Hong Kong´dan vergisiz ürünler satın alarak Ana Kara Çin´de satmak için çoklu giriş vizesi politikasından yararlanmaya çalışan kişilere karşı kullanılan sistem, yolcuların yüzlerini ve seyahat bilgilerini içeren bir veri tabanına başvuruyor.
Bu teknoloji, gümrük kapısından geçen kişinin "kaçakçı" olduğundan şüphe etmesi durumunda görevlileri uyarıyor.
Diğer yandan Pekin´de bu yıl açılması planlanan 12 milyar dolar yatırımla yapılan yeni havalimanının bu teknolojiyi, güvenlik ve vize çalışmalarında kullanması bekleniyor.
Yolcuların yüzlerini ulusal kimlik veri tabanlarıyla eşleştirerek bilgilerini doğrulayacak yapay zeka destekli yüz tanıma araçları, bagaj takibi ve güvenlik riski analizleriyle havaalanı yetkililerine yardımcı olacak.
"Veri madenciliği"
Çin´de sosyal denetim alanında seçilen yollar arasında "beyinden veri madenciliği" formülü, en ilginç yöntemlerden biri olarak dikkati çekiyor.

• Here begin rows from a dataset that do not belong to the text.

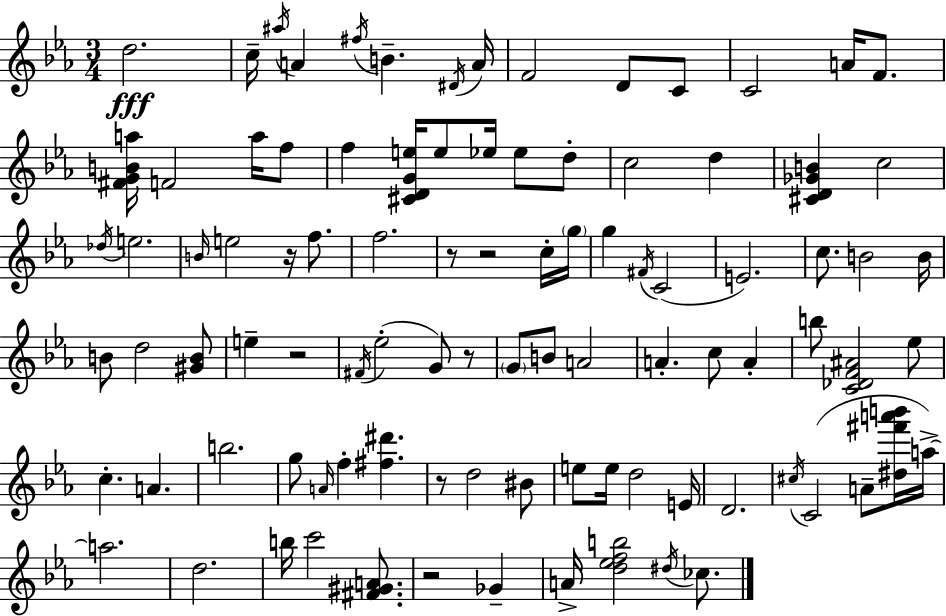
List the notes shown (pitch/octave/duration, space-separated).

D5/h. C5/s A#5/s A4/q F#5/s B4/q. D#4/s A4/s F4/h D4/e C4/e C4/h A4/s F4/e. [F#4,G4,B4,A5]/s F4/h A5/s F5/e F5/q [C#4,D4,G4,E5]/s E5/e Eb5/s Eb5/e D5/e C5/h D5/q [C#4,D4,Gb4,B4]/q C5/h Db5/s E5/h. B4/s E5/h R/s F5/e. F5/h. R/e R/h C5/s G5/s G5/q F#4/s C4/h E4/h. C5/e. B4/h B4/s B4/e D5/h [G#4,B4]/e E5/q R/h F#4/s Eb5/h G4/e R/e G4/e B4/e A4/h A4/q. C5/e A4/q B5/e [C4,Db4,F4,A#4]/h Eb5/e C5/q. A4/q. B5/h. G5/e A4/s F5/q [F#5,D#6]/q. R/e D5/h BIS4/e E5/e E5/s D5/h E4/s D4/h. C#5/s C4/h A4/e [D#5,F#6,A6,B6]/s A5/s A5/h. D5/h. B5/s C6/h [F#4,G#4,A4]/e. R/h Gb4/q A4/s [D5,Eb5,F5,B5]/h D#5/s CES5/e.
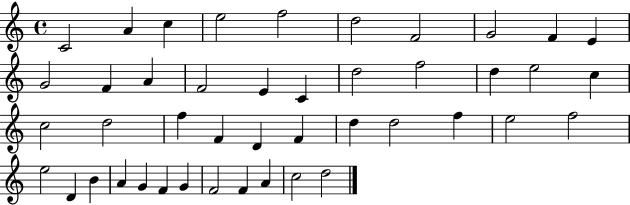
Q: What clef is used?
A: treble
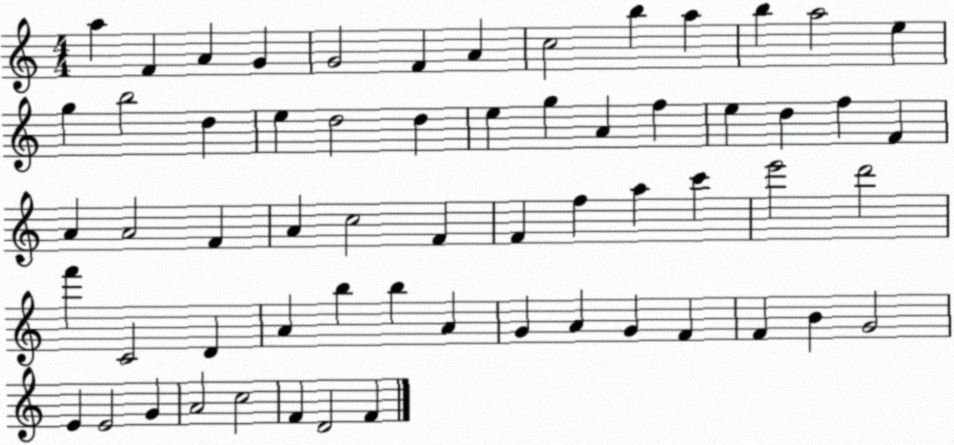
X:1
T:Untitled
M:4/4
L:1/4
K:C
a F A G G2 F A c2 b a b a2 e g b2 d e d2 d e g A f e d f F A A2 F A c2 F F f a c' e'2 d'2 f' C2 D A b b A G A G F F B G2 E E2 G A2 c2 F D2 F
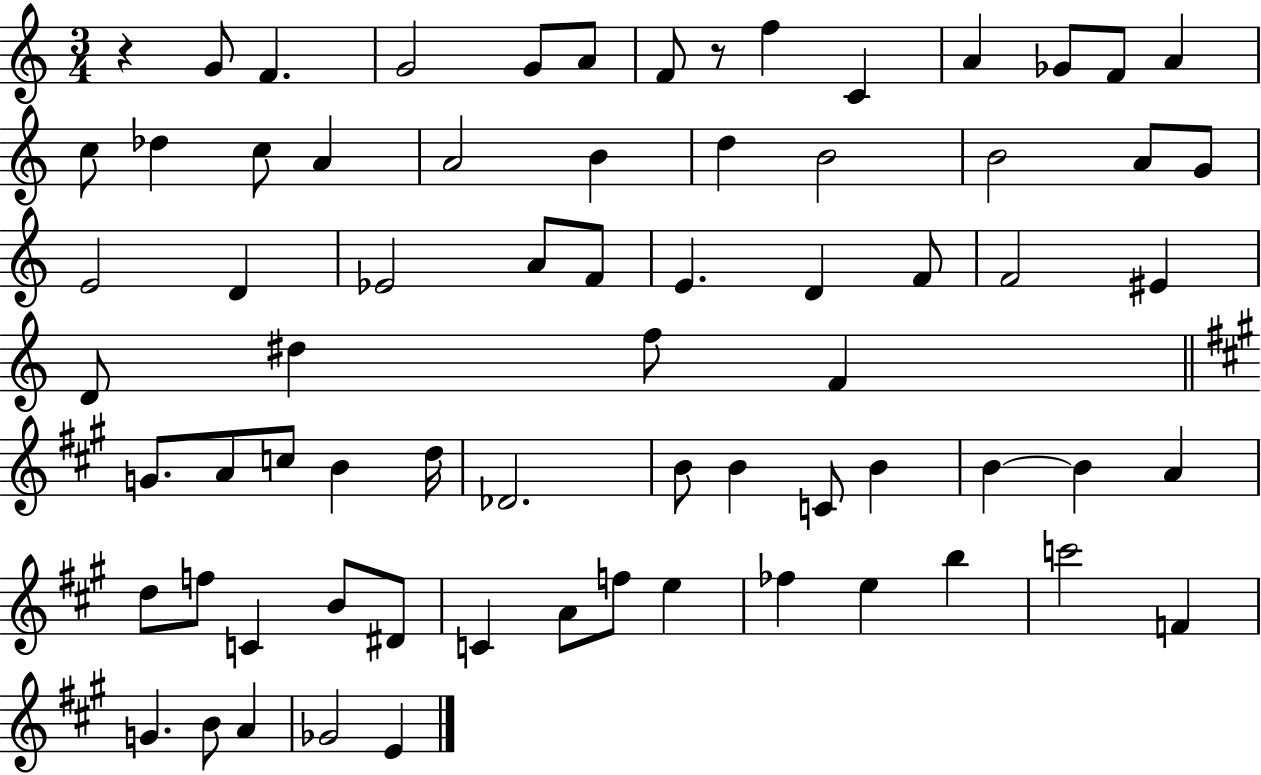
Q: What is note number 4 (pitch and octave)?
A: G4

Hong Kong merkezli "South China Morning Post" gazetesinin haberine göre, Hangcou kentindeki Congcıng Elektrik adlı bir şirket, işçilerin beyin dalgalarını izlemek için onlara özel cihazların bulunduğu başlıklar takıyor. Şirket, beyin dalgalarını ölçen cihaz yardımıyla bu işçilerin performanslarını artırmaları için veri elde ediyor.
Bu teknoloji, aynı kentte bulunan State Grid adlı devlet elektrik şirketinde de kullanılırken, şirketin bu cihazı kullanmaya başladığı 2014´den bu yana üretim gelirini 2 milyar yüen (yaklaşık 315 milyon ABD doları) yükselttiği savunuluyor.
Güvenlik kasklarında veya şapkalarda gizlenmiş hafif ve kablosuz sensörler, kullanıcının beyin dalgalarını sürekli izliyor, elde ettiği verileri depresyon, endişe veya öfke gibi duygusal durumları analiz etmesi için yapay zeka algoritmalarını kullanan merkezi bir bilgisayara aktarıyor.